A federal judge issued a temporary restraining order Thursday blocking a plan by Richardson-Vicks to issue a new class of preferred stock in its effort to avoid a takeover by Unilever NV.

“I have considered that, as a matter of law, the proposed stock dividend is an impermissible step,” U.S. District Judge Richard Owen told lawyers for the two sides.

The judge said issuance of the preferred shares, which would carry multiple voting rights that would be suspended if the shares are sold, requires stockholder approval or an amendment to the Richardson-Vicks corporate charter.

The company’s board of directors approved the stock issuance Tuesday without submitting the plan to the shareholders.

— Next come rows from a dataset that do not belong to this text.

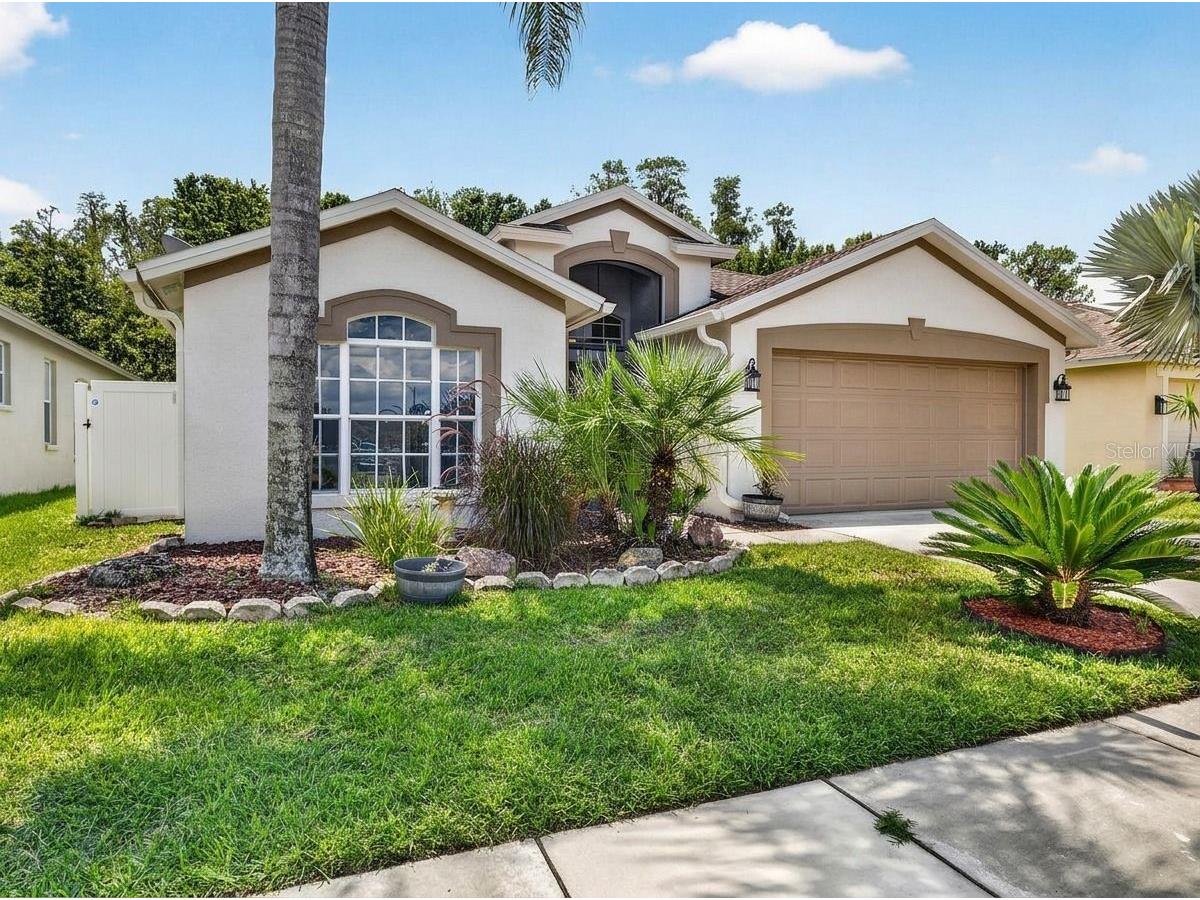 29454 Crossland Drive Wesley Chapel FL 33543 TB8483222 image2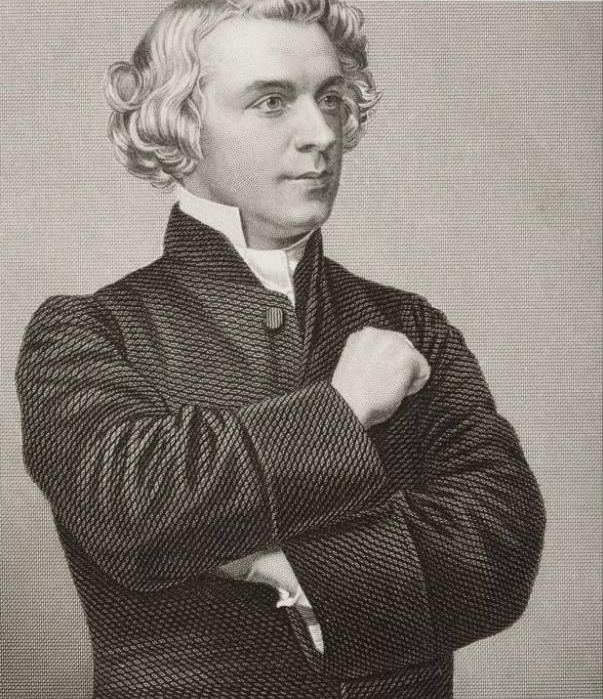 孟德斯鸠启蒙思想的核心,孟德斯鸠的政治思想及其评述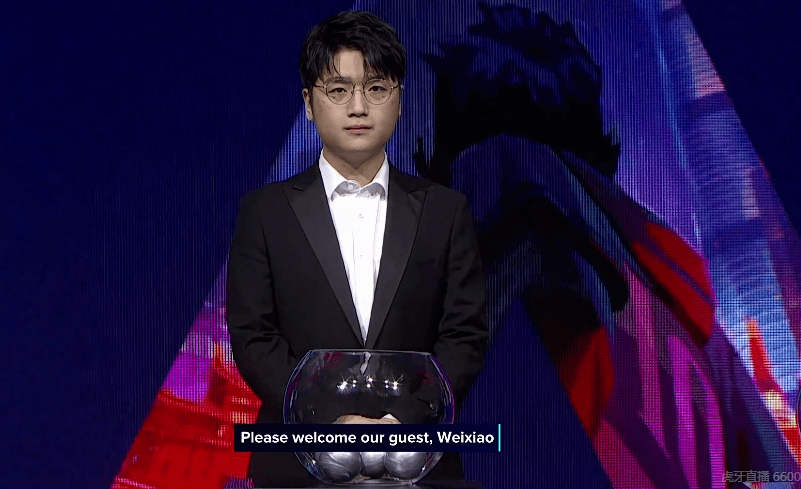 包含LGD横扫RGE,Ming惊艳世界的词条 包含LGD横扫RGE,Ming惊艳世界的词条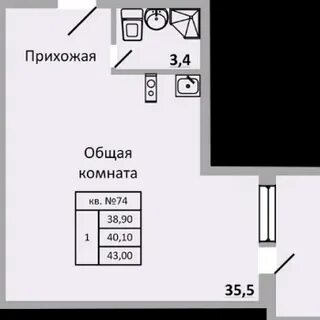 Жк сиреневый квартал ростов на дону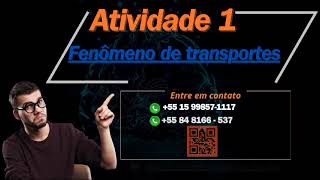 Descreva sobre o significado físico do número adimensional de Reynolds e apresente a análise dimensi [upl. by Iy]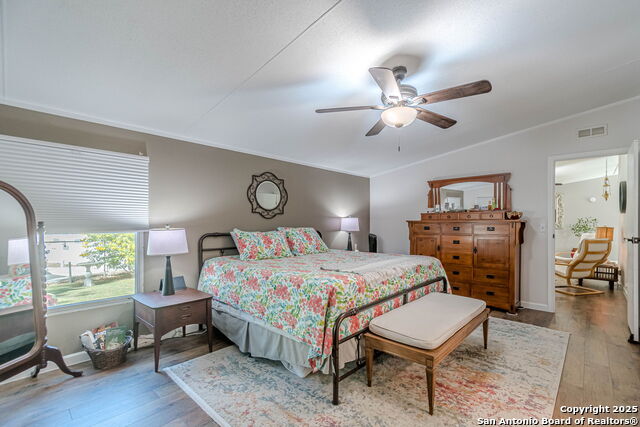 Image 29 of 69 For 384 Placid Cove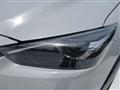 2025 Mazda Mazda Others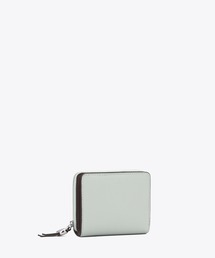 TORY BURCH（トリーバーチ）の「ロミー バイフォールド ウォレット（財布）」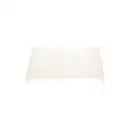 BOSCH 1 987 432 092 Filter, Innenraumluft M 2092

Vaughn Williams, a lawyer for Richardson-Vicks, said the company will try next Thursday to persuade Owen to change his mind at a hearing in which the judge will decide whether to extend the restraining order by issuing an injunction.


“We believe the judge’s decision incorrectly reflects Delaware law,” Williams said. “We believe it’s wrong.”

Because Richardson-Vicks is incorporated in Delaware, the New York federal court applied the law of that state in determining whether the company’s directors have the power to issue the preferred stock without shareholder consent.

Williams said the timing of next week’s hearing means that the stock plan could still go forward on its original schedule despite Thursday’s setback.

Headquartered in Wilton, Conn., Richardson-Vicks is best known for its Vicks line of cold and cough remedies. Unilever is a giant British-Dutch consumer-products concern and is seeking to acquire Richardson-Vicks through an American subsidiary.

Richardson-Vicks had said before the battle that members of the Richardson family, which opposes the takeover, controlled about 7.3 million of its 23.4 million shares.

The court battle began Monday when Unilever asked Owen to block the Richardson family and the company from buying the company’s shares. Unilever charged that the company had issued misleading public statements describing the purchases as an investment rather than a move to avoid a takeover.

On Wednesday, a 23-member group of Richardson family stockholders told the Securities and Exchange Commission that they had bought an additional 170,000 shares.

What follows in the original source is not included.